SMB also benefits from higher core clocks, so your 2.4Ghz could also be a limiting factor.
 

arcadeperfect

Dabbler
Joined
Feb 2, 2021
Messages
18
Just to be clear it was the freenas CPU that was maxing out, although there is an active thread on the the workstation when writing to the nas. Workstation is a 5950X doing around 4.3 Ghz.

Tried some different protocols -

iSCSI was actually worse with a lot of CPU activity on the client (I forgot to write down the speeds)

ZFS with client booted into Mint had slightly better writes at ~720 MB/s using Kdiskmark and maual file copying, but slightly worse reads at ~620MB/s

Both reads and writes slower on ZFS when accessing the RaidZ as opposed to the single NVME at ~510MB/s read and 600MB/s write

In the case of ZFS the server CPU showed one thread fluctuating around 60 - 80%, SMB 90 - 100%. The process was "kernal".

I guess I'm just at the limits of the platform.
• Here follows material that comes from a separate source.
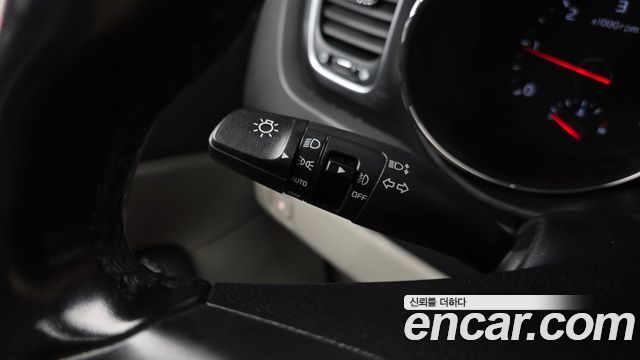 Kia Canival 2019 — photo 16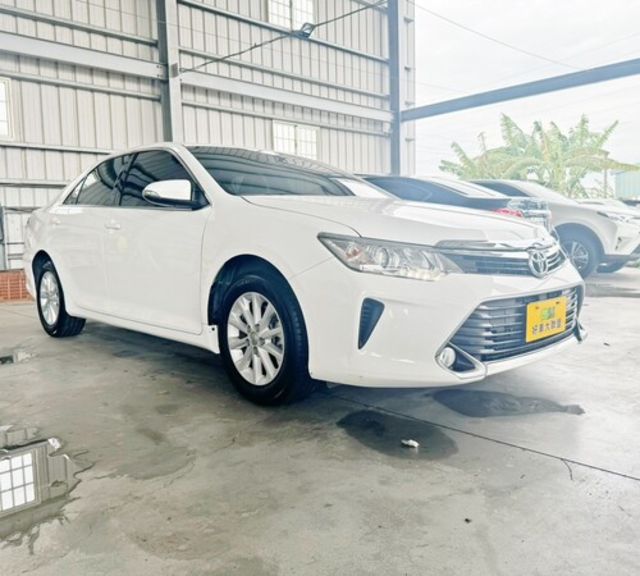 TOYOTA豐田 CAMRY  第2張相片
If I get around to it I might boot the nas box into linux and serve the NVME with ext4 and see what happens.
 
Last edited:

mav@

iXsystems
iXsystems
Joined
Sep 29, 2011
Messages
1,428
It would help to see exact output of `top -SHIz`, showing separate threads that are CPU-bottlenecked.
 

arcadeperfect

Dabbler
Joined
Feb 2, 2021
Messages
18
Hmm

I tried that and actually it doesn't appear that the CPU is bottlenecking after all with the SMB thread sitting around 60%

Iperf verified the network can push about 9Gbe in either direction and that's what I get with reads.


I do see a burst of ~9Gb/s writes at the start of the transfer, which I am assuming is Truenas writing to ram. But could it actually be the SLC cache on the NVME drive in the nas?
 

SweetAndLow

Sweet'NASty
Joined
Nov 6, 2013
Messages
6,421
Hmm

I tried that and actually it doesn't appear that the CPU is bottlenecking after all with the SMB thread sitting around 60%

Iperf verified the network can push about 9Gbe in either direction and that's what I get with reads.


I do see a burst of ~9Gb/s writes at the start of the transfer, which I am assuming is Truenas writing to ram. But could it actually be the SLC cache on the NVME drive in the nas?
do a dd test on your truenas system. You need to use a dataset that has compression disabled but then do something like

Write test: dd if=/dev/zero of=/mnt/zpool/dataset/file bs=1M count=10000
Read test: dd if=/mnt/zpool/dataset/file of=/dev/null bs=1M count=10000

this will test the throughput on your pool and give you a baseline of max you can get. The smb single thread thing is nonsense, ignore that.